Nel 1998, le prospettive per gli indigeni d'Australia sembravano peggiori di quanto lo fossero state per molti anni. Gli aborigeni australiani e gli indigeni delle Isole di Torres Strait sanno molto sull'economia devastante e gli effetti culturali di duecento anni di globalizzazione. Un'eredità coloniale di invasione, espropriazione, malattie e furto della terra e dei bambini, si è sviluppata in un miscuglio, più moderno ma non meno velenoso, di razzismo diffuso, tagli di fondi e tentativi crescenti da parte di compagnie minerarie australiane e transnazionali di massimizzare l'accesso alle risorse sulle terre aborigene.
Ma è anche istruttivo e suggestivo considerare i modi in cui la resistenza indigena si è organizzata ed ha condotto ad una crescita di possibilità ed istituzioni ad una vasta gamma di livelli.
Nei quartieri settentrionali di Melbourne, i genitori e gli studenti aborigeni hanno combinato una campagna comunitaria, localmente determinata, con l'azione legale a livello statale, basata sulla legislazione antidiscriminatoria per fermare la chiusura del college della scuola secondaria di Northland.
Il processo ATSIC, con tutte le sue difficoltà, fornisce un mezzo per esplorare nuove forme di processi decisionali e di distribuzione di servizi a livelli regionali, che possono determinare confini comunali dei territori Aborigeni e dell'Isola di Torres Strait più adeguati di quelli esprimibili dalle fila del governo esistente.
Una lunga campagna della popolazione di una piccola isola di Torres Strait è giunta finalmente all'Alta Corte ed al parlamento nazionale, dove il giudice Mabo e il Native Title Act hanno posto le fondamenta per sfidare il principio della terra nullius e riaprire una qualche speranza per molte comunità locali.
Come gli attacchi agli aborigeni e agli indigeni dell'isola di Torres Strait crescono in violenza, la pressione della protesta internazionale diventa più intensa.

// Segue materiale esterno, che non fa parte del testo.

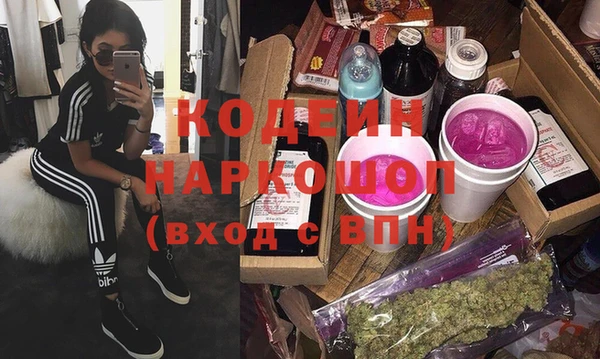 jwh Балабаново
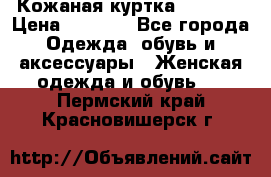 Кожаная куртка Sagitta › Цена ­ 3 800 - Все города Одежда, обувь и аксессуары » Женская одежда и обувь   . Пермский край,Красновишерск г.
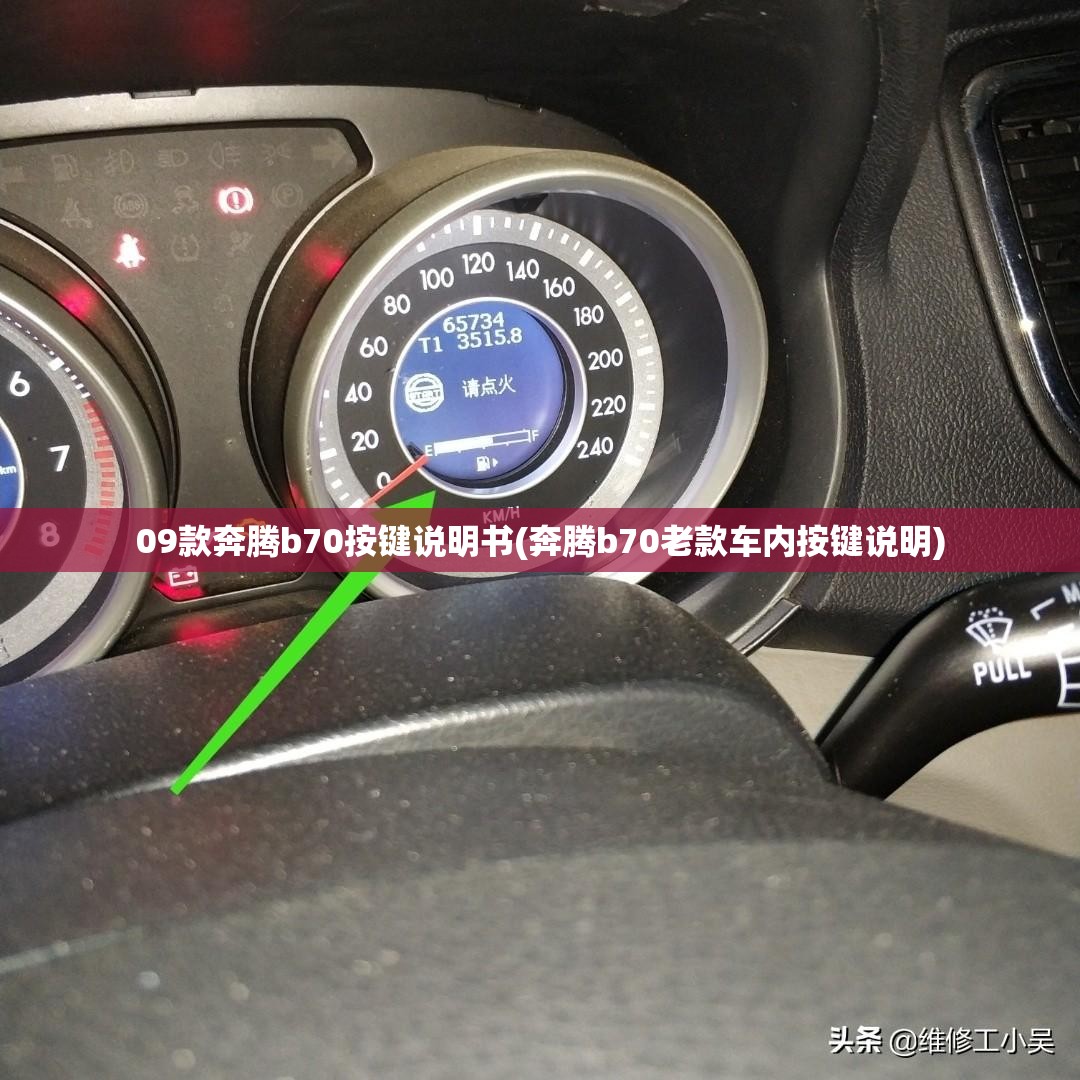 09款奔腾b70按键说明书(奔腾b70老款车内按键说明) 09款奔腾b70按键说明书(奔腾b70老款车内按键说明)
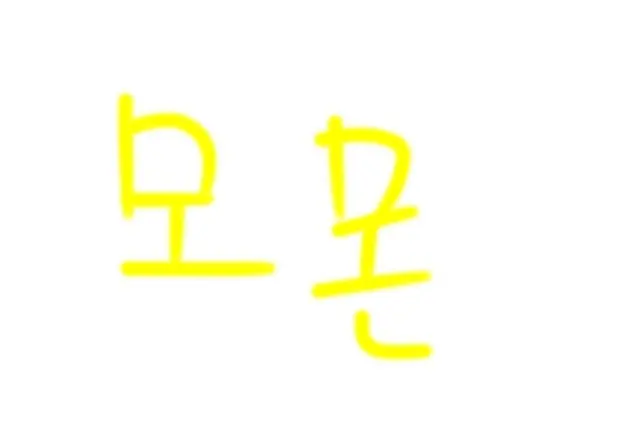 Profile image of 악플받는 평학님 ㅜ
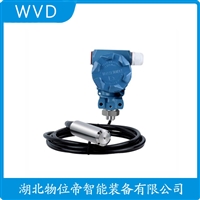 TRSYWJ船舶液位变送器 WVD
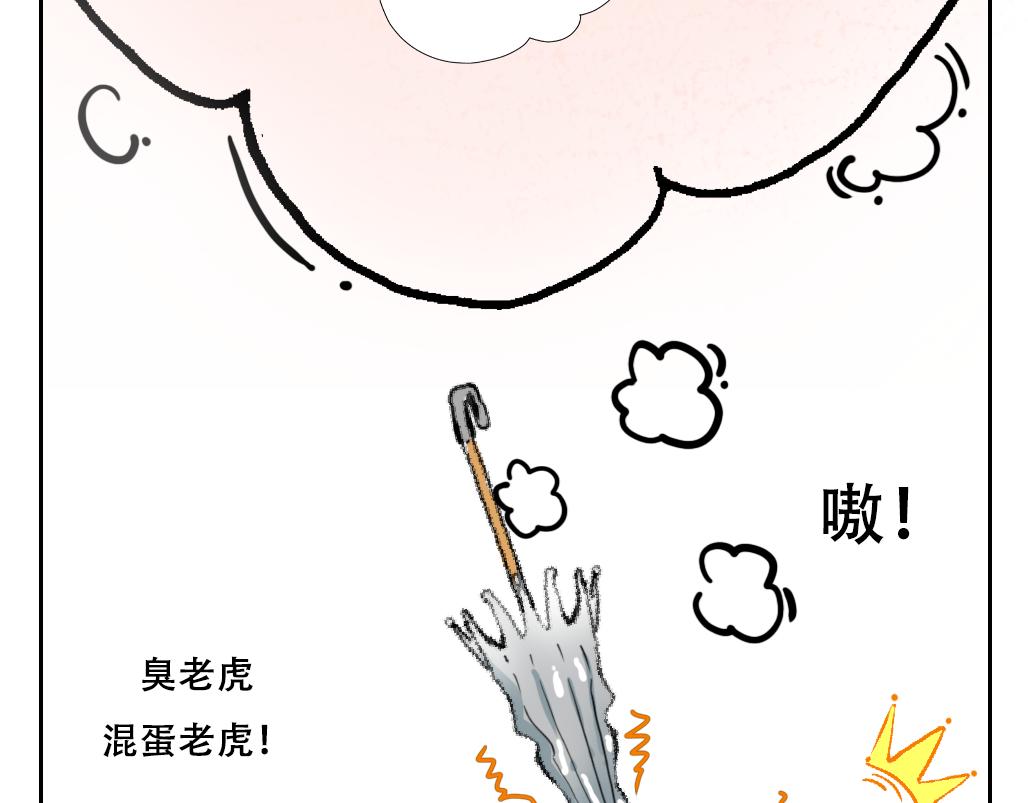 《成亲吧！虎大王》壹 第44页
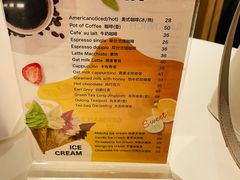 -德南面包房(尚都店)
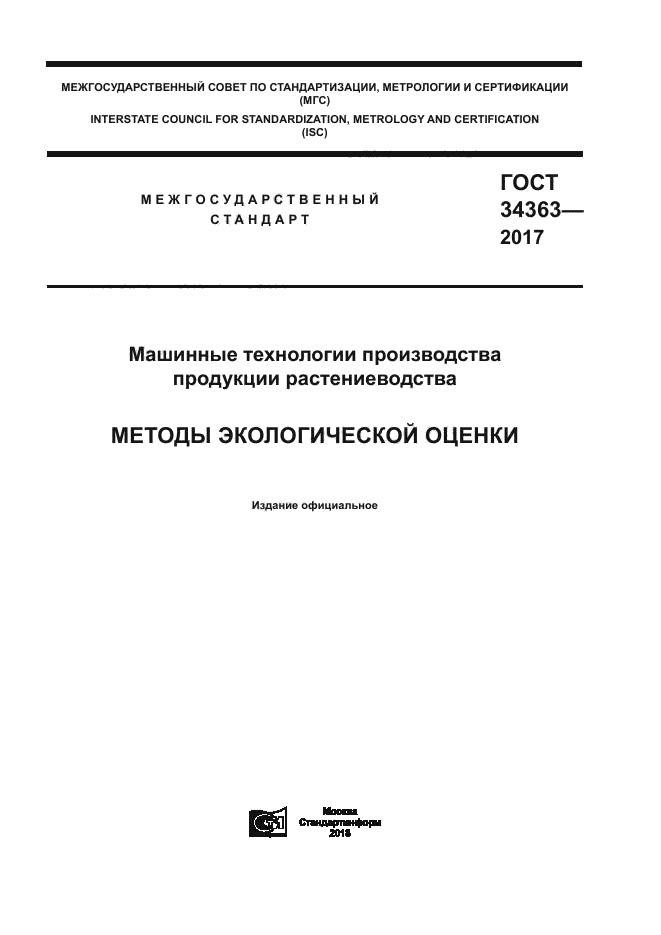 ГОСТ 34363-2017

Il Gruppo di Lavoro delle Nazioni Unite sulle popolazioni indigene diventa un importante forum per condividere le informazioni e sviluppare strategie cooperative. Il più vasto festival della competitività internazionale, i Giochi Olimpici a Sydney, diventa un potenziale palcoscenico globale, su cui possono essere perseguite lotte locali e nazionali per l'autodeterminazione.
Il futuro della giustizia per gli australiani indigeni sarà profondamente influenzato dai rapporti di globalizzazione trasformati. Ma quel futuro dipenderà anche dai modi in cui individui, gruppi e comunità, costruiranno legami di cooperazione, creeranno istituzioni democratiche ed elaboreranno strategie politiche efficaci a livello locale, nazionale, regionale e globale. E' dunque appropriato concludere citando il precedente Commissario per la Giustizia sociale per gli Aborigeni e gli indigeni di Torres Strait, Mick Dodson.

La lotta continuerà a Ginevra, così come ora ha luogo a Burketown e Bairnsdale. Ma, come ho detto spesso e continuerò a dire, finché ci sarà ingiustizia, gli uomini combatteranno contro quell'ingiustizia. Potrebbe essere popolare, ora, promuovere il concetto superficiale di "una nazione", emarginando ed escludendo quegli australiani che non rispondono al modello. Ma abbiamo una lunga esperienza di queste cose. E continueremo a promuovere ed a lavorare per una visione dell'Australia, dove denigrare gli australiani indigeni non sia un modo accettabile di creare un'identità nazionale di cui essere orgogliosi, e dove sacrificare i nostri diritti umani non sia visto come un prezzo accettabile per ridurre il deficit di bilancio.